Nobody outside of the Iowa media seems to care much about the Hawkeyes unless they’re talking about last season’s quarterback controversy that sent Jake Rudock packing to Michigan or about Kirk Ferentz’s job security.
Three of the first four questions that were asked to Ferentz at the podium on Thursday dealt with his quarterback situation.
Ferentz answered the questions as you would expect him to answer them in a public setting. He was courteous, but he didn’t say much because it’s an awkward situation.
“It’s like any player in our program,” Ferentz said. “I think any coach wants what’s best for the individual.
“That was Jake’s decision all the way. And, certainly, we did all we could to cooperate and help him with whatever path he chose to take.”
Iowa was represented by three players at Thursday’s annual media event – senior center Austin Blythe, senior defensive end Drew Ott and senior free safety Jordan Lomax. All three players assumed they would be asked about the quarterback controversy, and about new starting quarterback C.J. Beathard, and they were right.
“Fifty-fifty,” Lomax said when asked if he had answered more questions about himself or about Iowa’s quarterback situation. “Definitely, I was expecting that.”
Blythe dealt with questions about the quarterbacks from more than just the media.
“I’ve gotten that a few times, not even from media people, just from fans or friends,” Blythe said.
One of the harsh realities about Iowa football is that nobody outside of its own fans and media seem to care much about the Hawkeyes unless they’re winning big or creating controversy.
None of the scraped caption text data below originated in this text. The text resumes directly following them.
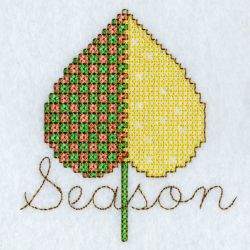 Cross Stitch 038 03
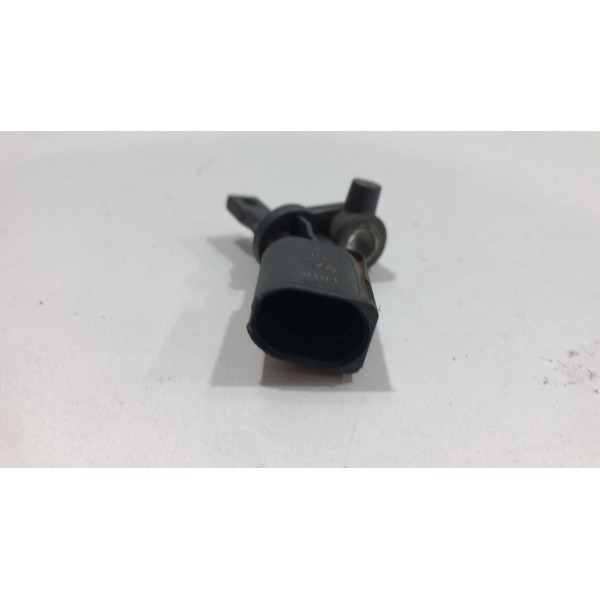 Sensor Abs Dianteiro Esquerdo Vw Nivus 2022 Á 25 10071140194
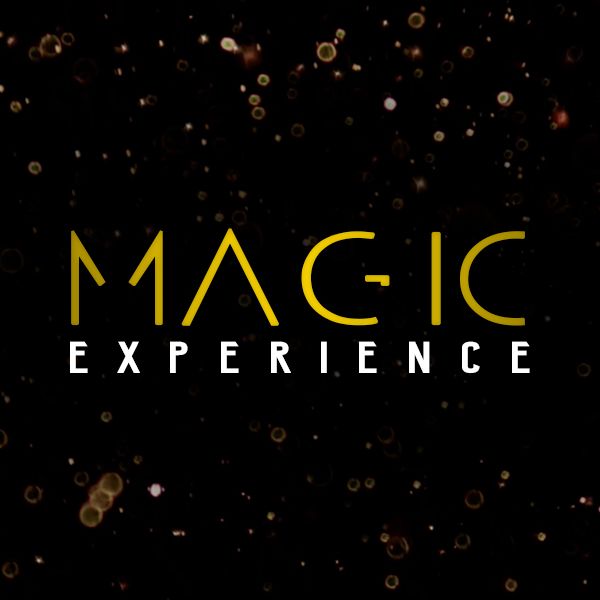 Magic Experience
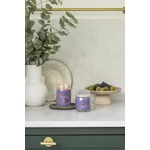 Kép 6/7 - Yankee Candle® Stargazing Signature nagy üveggyertya 567 g
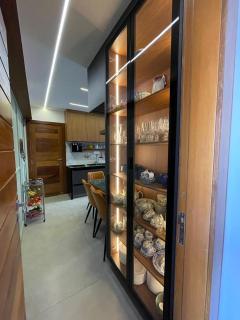 Luxury Umarizal Accommodation COP30 - 3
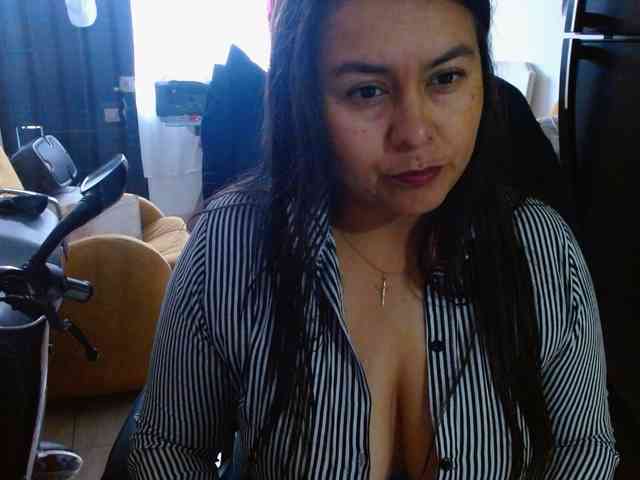 IXCHEL9153 webcam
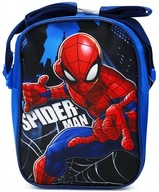 Kabelka cez rameno Spiderman - MARVEL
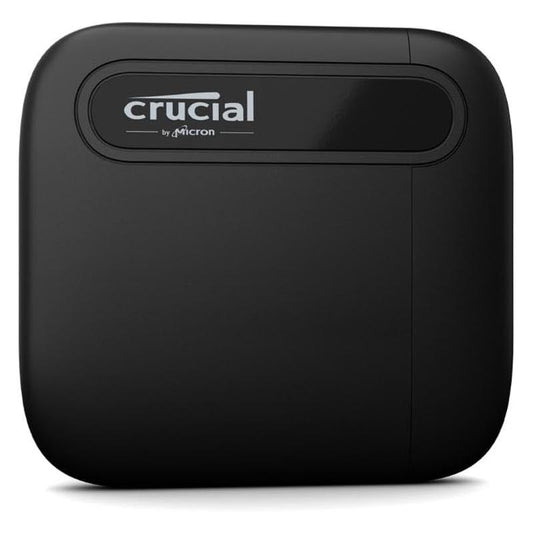 CT1000X6SSD9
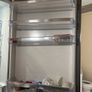 fridge Image 8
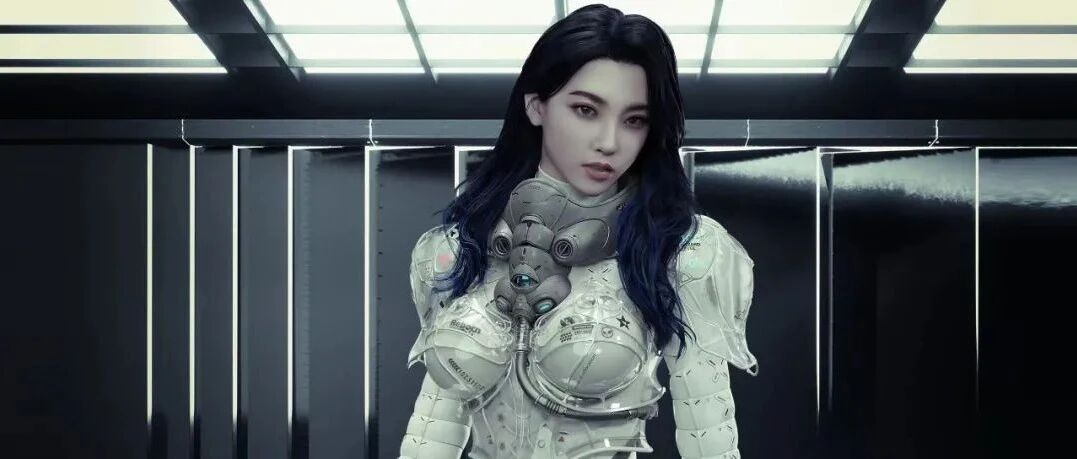 灵游坊CEO梁其伟：犬儒主义，AUTEUR和运营式单机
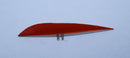 Naturfeder Traditional Parabol-3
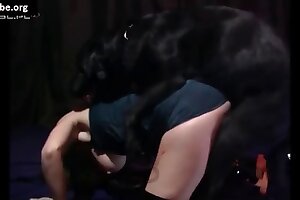 banging,bestiality fun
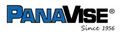 Company icon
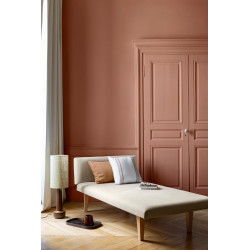 Peinture pêche cancan multisupport 163 faubourg LIBÉRON velours 0.5 l - LIBERON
That’s also the case with Illinois, which is dealing with allegations of player abuse involving head coach Tim Beckman. Nobody cares that Illinois played in a bowl game last season, not when the head coach is accused of abusing his players.
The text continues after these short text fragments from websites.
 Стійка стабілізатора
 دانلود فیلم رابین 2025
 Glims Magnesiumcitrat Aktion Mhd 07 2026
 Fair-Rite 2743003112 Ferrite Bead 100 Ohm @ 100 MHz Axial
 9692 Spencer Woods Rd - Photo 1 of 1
It had to be rough on the three Illinois players who attended this year’s event because they spent most of their time on Thursday answering questions about the allegations against Beckman.
That’s why Beathard should be grateful that Ferentz kept him home because Beathard probably would’ve been asked more about his competition with Rudock last season than about the upcoming season.
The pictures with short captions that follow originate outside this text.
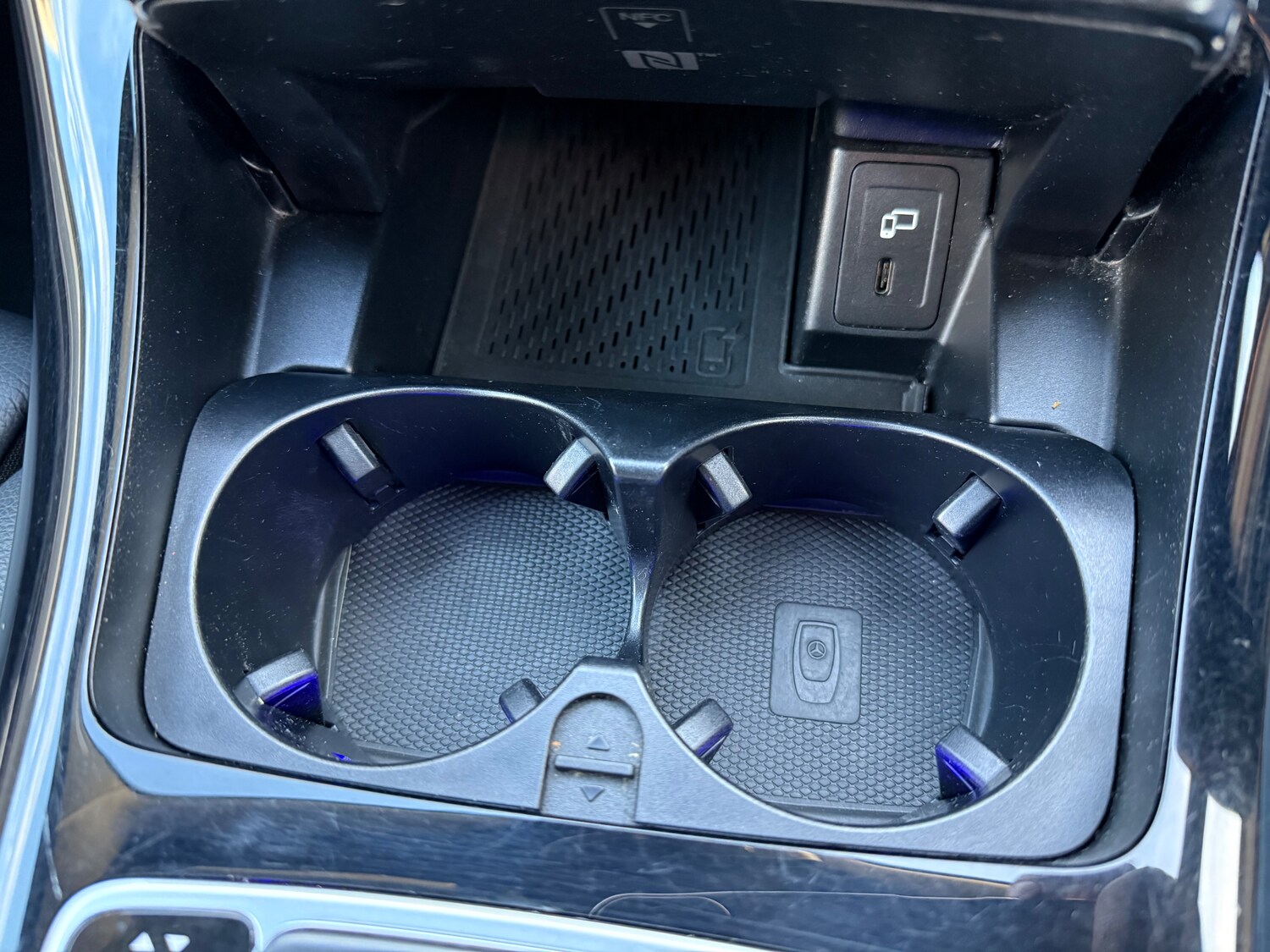 Used Mercedes-Benz EQC 2020 for sale - 76750883: Photo 79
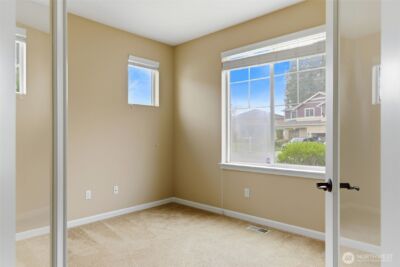 23705 77th Avenue Ct E, Graham, WA 98338 - Photo 25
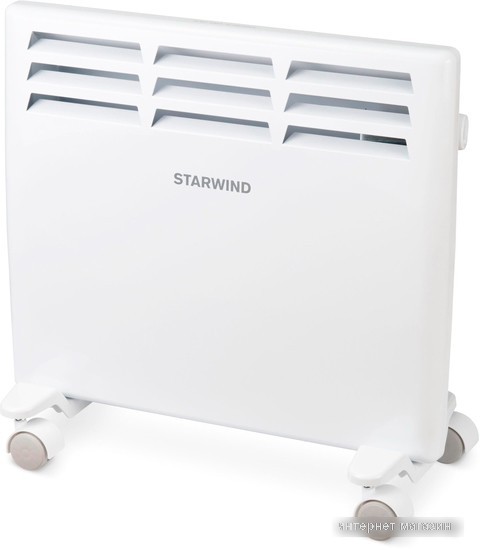 Конвектор StarWind SHV4510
The only way for Iowa to become relevant again is to win and win big. Seven or eight victories won’t cut it under the current circumstances because the Hawkeyes have done that before under Ferentz, including in each of the past two seasons when Iowa won seven and eight games, respectively.
It’s always a neat story when Iowa has success, because as a developmental program, it takes on that little-engine-that-could mentality.
But when the Hawkeyes struggle, the attention quickly fades. And that’s what is happening now.
Ferentz, who turns 60 years old on Saturday, is the dean of Big Ten coaches by a long shot, so his story has been told over and over. I’m not suggesting that he is old news, but there isn’t much left to say about a coach who is entering his 17th season for a program that has combined to finish 34-30 over the last five seasons, including 19-21 in Big Ten games. Ferentz was surrounded by about a dozen reporters while answering questions at a round table on Thursday. So it wasn’t as if he was being ignored, although, most of the reporters were from Iowa.
Ferentz said Thursday that he takes some of the criticism personally because he cares about his job. For him, and for Hawkeye fans, there is nothing bigger than Iowa football.
Unfortunately, at this event, Iowa is mostly a sidebar.
That’s the price you pay for being mediocre for too long.